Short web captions
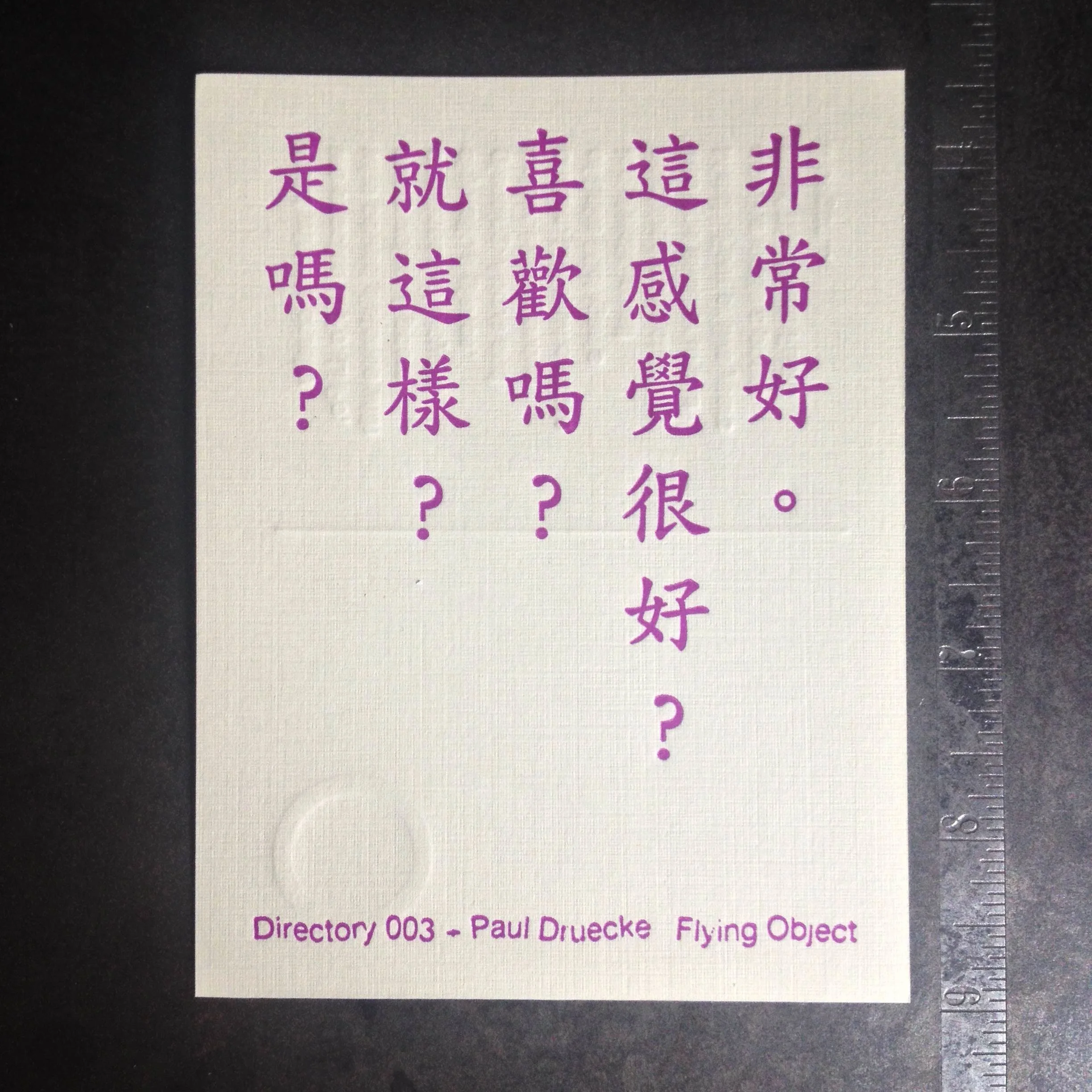 Directory 003 + Paul Druecke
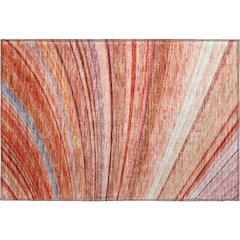 Premium Machine Washable Mayfield  Terracotta 1'8" x 2'6" Rug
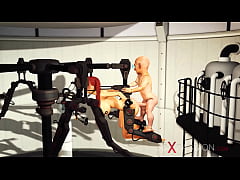 Play MP4 - Sci-fi BDSM&excl; Red haired hot gagged girl in cuffs gets fucked hard by a midget man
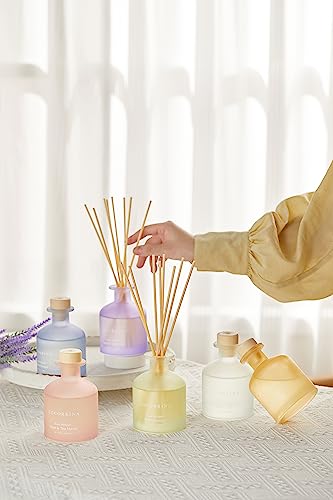 Reed Diffuser - White Lotus 6.76oz Diffuser with Sticks Home Fragrance Essential Oil Reed Diffuser for Home Bedroom Bathroom Shelf Decor Office Decor (Summer Collection)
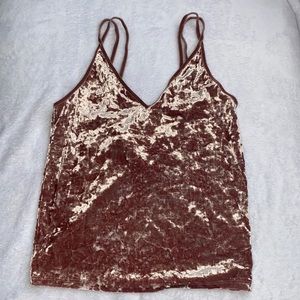 Shimmery tank top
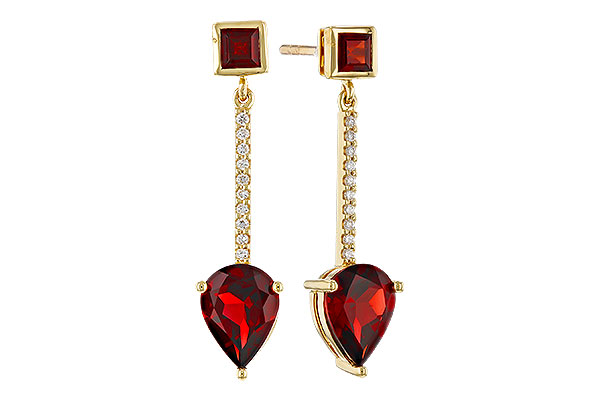 G329-83742: EARRINGS 2.70 TW GARNET 2.77 TGW
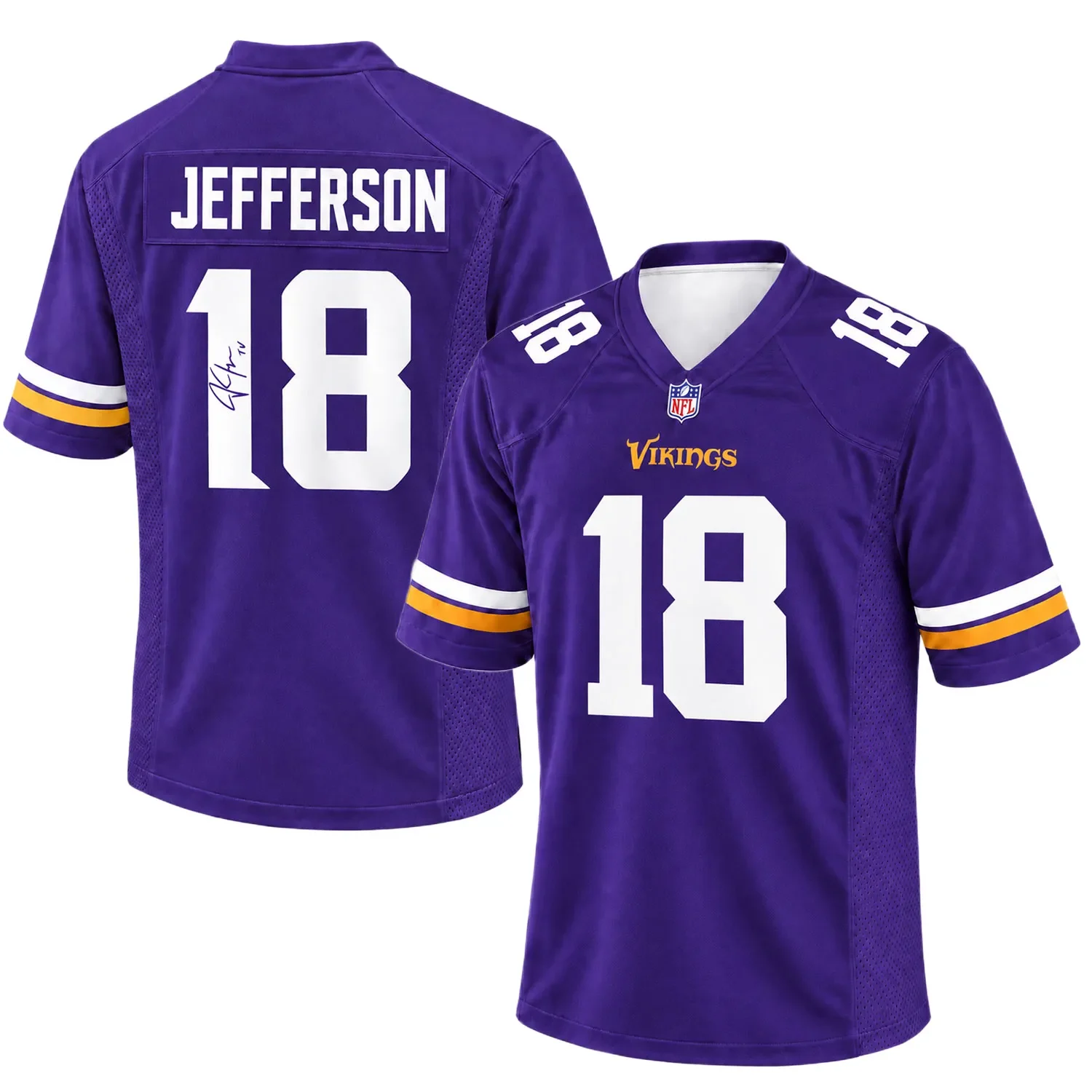 Minnesota Vikings Justin Jefferson Purple Jersey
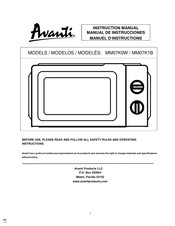 Avanti MM07K0W Manuel D'instructions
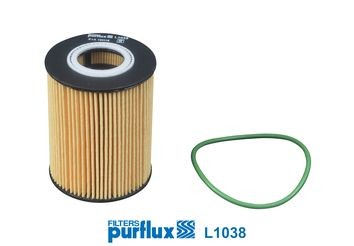 Achat de L1038 PURFLUX Cartouche filtrante Diamètre intérieur: 35mm, Ø: 82mm, Ø: 82mm, Hauteur: 108mm Filtre à huile L1038 pas chères
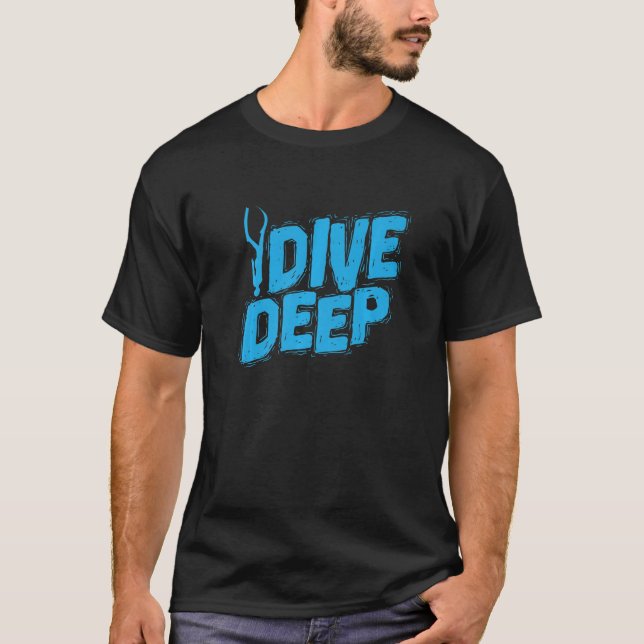 Camiseta Apnoea Diver Dive Profundo (Anverso)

**WHAT IS EXPECTED:** A precise copy of each record, with the images removed, should be output.

**OUTPUT FOR THIS EXERCISE:**
 Directory 003 + Paul Druecke
 Premium Machine Washable Mayfield  Terracotta 1'8" x 2'6" Rug
 Play MP4 - Sci-fi BDSM&excl; Red haired hot gagged girl in cuffs gets fucked hard by a midget man
 Reed Diffuser - White Lotus 6.76oz Diffuser with Sticks Home Fragrance Essential Oil Reed Diffuser for Home Bedroom Bathroom Shelf Decor Office Decor (Summer Collection)
 Shimmery tank top
 G329-83742: EARRINGS 2.70 TW GARNET 2.77 TGW
 Minnesota Vikings Justin Jefferson Purple Jersey
 Avanti MM07K0W Manuel D'instructions
 Achat de L1038 PURFLUX Cartouche filtrante Diamètre intérieur: 35mm, Ø: 82mm, Ø: 82mm, Hauteur: 108mm Filtre à huile L1038 pas chères
 Camiseta Apnoea Diver Dive Profundo (Anverso)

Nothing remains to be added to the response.